◆ **Exercise**
Everything in the listing below must be reproduced exactly, apart from its images.

*** Provided data ***

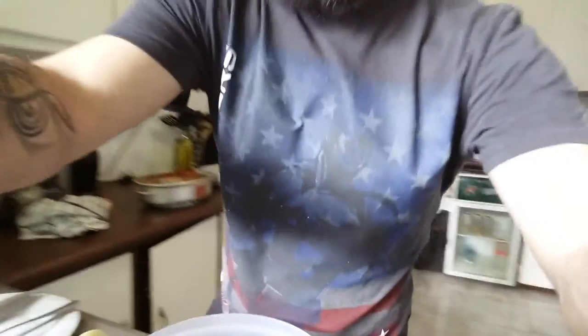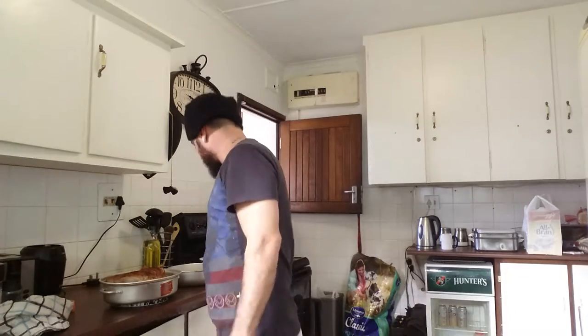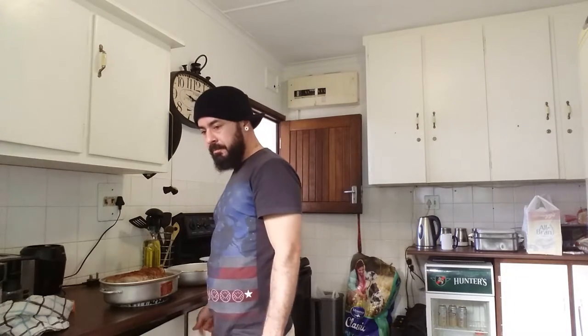Then we put the other remaining potatoes — these ones — we're going to put those on the side. We make a plan, okay.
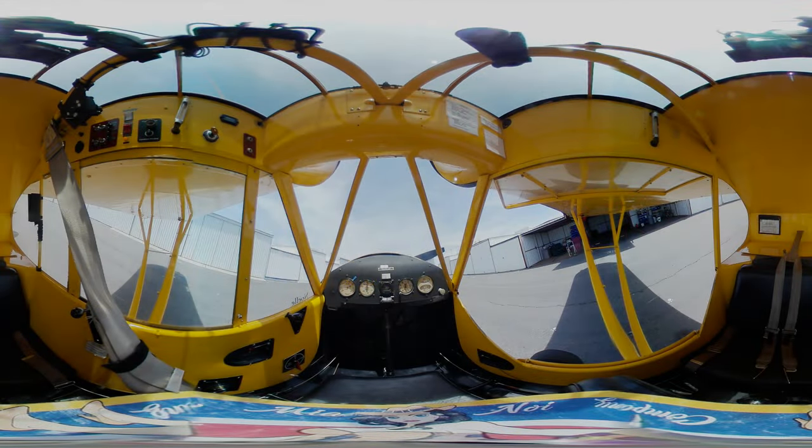Today we are looking at a cockpit view of a Piper J3 Cub. This is a 360 VR view, so you should be able to rotate the screen in all directions to view all around the cockpit. If you are having issues, try opening the video in the YouTube app.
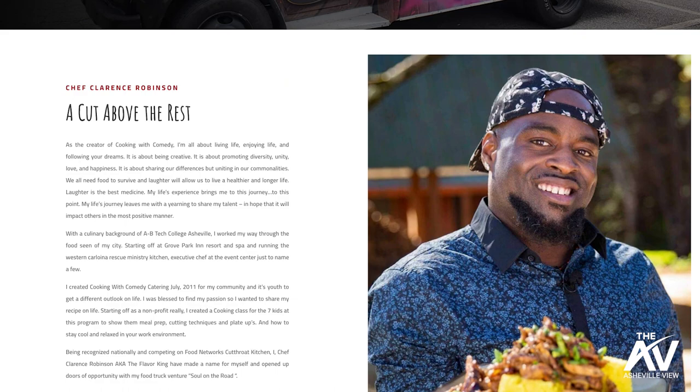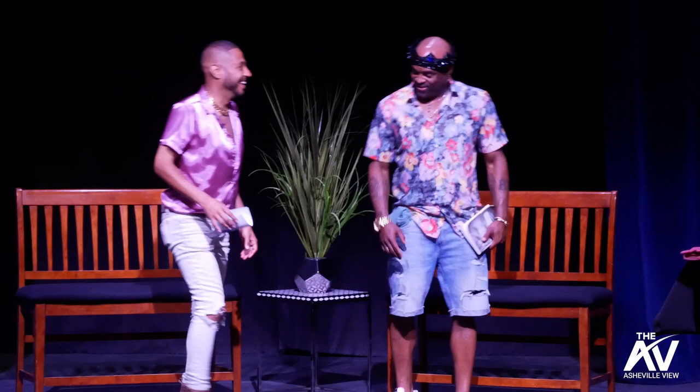Thank y'all. Look this man up — it's Cooking with Comedy on Instagram and Facebook. Cutthroat Kitchen, Season 15, Episode 4 — it's called 'I'm Kind of a Big Dill,' spelled D-I-L-L like dill pickle. It's been a pleasure having you. Let's go back and have a mimosa. Thank you! Congratulations!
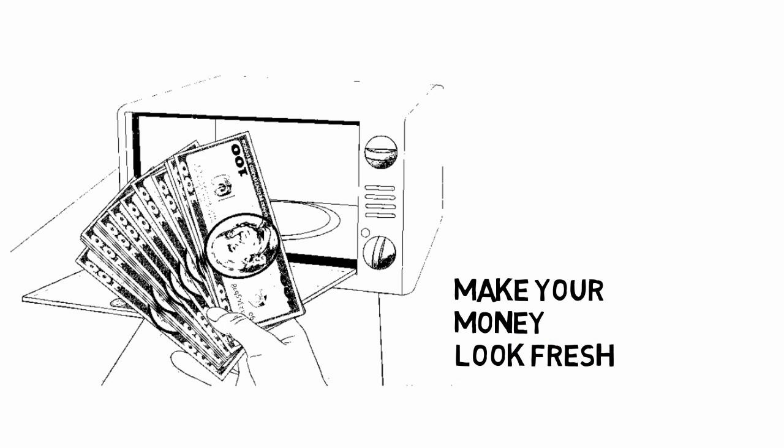Step 3: Make your money look fresh. You can't have a flashy bankroll with wrinkled bills. Straighten out crinkled money so that it looks new. You can put your money in the microwave for about 5 seconds — keep an eye on it so that it doesn't burn. Or go over your bills with a dry iron on a low setting with no steam. Be very gentle so you don't accidentally burn holes in your cash.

*** End of Provided data ***

◆ **Your response**
Then we put the other remaining potatoes — these ones — we're going to put those on the side. We make a plan, okay.
Today we are looking at a cockpit view of a Piper J3 Cub. This is a 360 VR view, so you should be able to rotate the screen in all directions to view all around the cockpit. If you are having issues, try opening the video in the YouTube app.
Thank y'all. Look this man up — it's Cooking with Comedy on Instagram and Facebook. Cutthroat Kitchen, Season 15, Episode 4 — it's called 'I'm Kind of a Big Dill,' spelled D-I-L-L like dill pickle. It's been a pleasure having you. Let's go back and have a mimosa. Thank you! Congratulations!
Step 3: Make your money look fresh. You can't have a flashy bankroll with wrinkled bills. Straighten out crinkled money so that it looks new. You can put your money in the microwave for about 5 seconds — keep an eye on it so that it doesn't burn. Or go over your bills with a dry iron on a low setting with no steam. Be very gentle so you don't accidentally burn holes in your cash.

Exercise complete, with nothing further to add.